# Murray Sears Roebuck Free Spirit MX bike value



## Bike from the Dead (Sep 14, 2021)

I'm not sure if this counts as a BMX bike or a muscle bike, as it's somewhere in the middle, but I have this Murray-built Sears Roebuck Free Spirit MX bike that I'm hoping to sell/trade at the upcoming Buddy's Pedal Fest swap meet and show. It looks to be mostly intact, but it is missing the front fender, a chunk of the rear fender, and one green valve stem cap. There is some surface rust here and there, with the worst being on the springer fork. I've been told this bike could still be worth $150 to the right person, but I'm not sure. Think you could help me out?


----------



## 1937Zenith (Sep 16, 2021)

I’d say $150 is definitely reasonable! Very cool fork and frame is quite unique. The seat is a major plus being in pretty good shape


----------



## 1937Zenith (Sep 16, 2021)

Take some time to lube the chain and take wd-40 with some 000 steel wool and about 20 minutes with the chrome and that bike would really stand out. Also clean the tires. Surprising what clean wheels and tires can do for really anything haha


----------



## Bike from the Dead (Sep 16, 2021)

1937Zenith said:


> I’d say $150 is definitely reasonable! Very cool fork and frame is quite unique. The seat is a major plus being in pretty good shape





1937Zenith said:


> Take some time to lube the chain and take wd-40 with some 000 steel wool and about 20 minutes with the chrome and that bike would really stand out. Also clean the tires. Surprising what clean wheels and tires can do for really anything haha



Thanks! Looks like I'll be pricing it at that.

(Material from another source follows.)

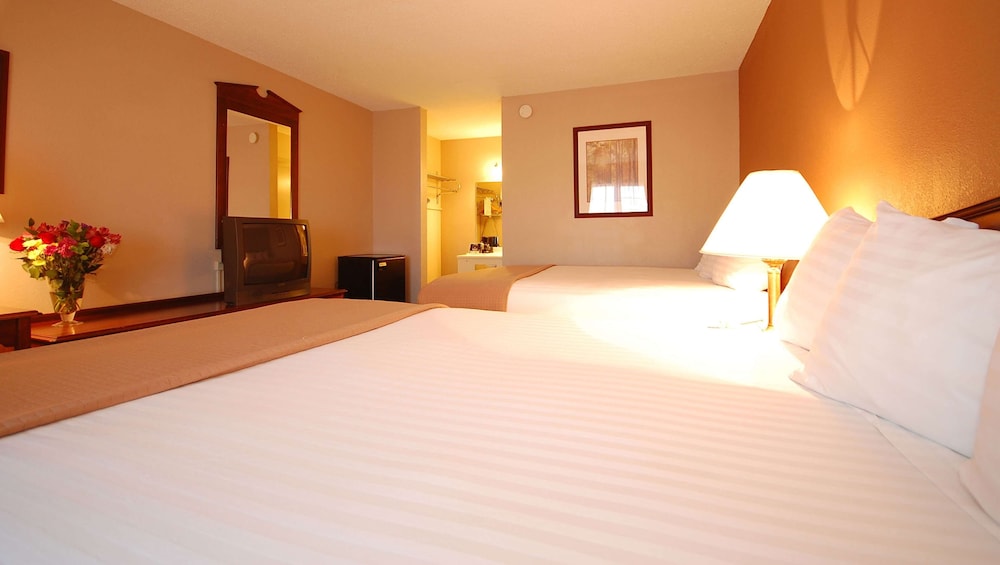 Two Queen Beds, Non-Smoking photo 1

I can try to clean it up, but I only have so much time before the swap meet Saturday, and most of tomorrow is going to be spent just getting packed and driving to Missouri.


----------



## carbon8 (Sep 21, 2021)

Had this exact bike as a kid and still have a pic of me on it. Good thing is; its all original and completely intact as bought from Sears with number plate,chaingaurd,OG tires etc.


----------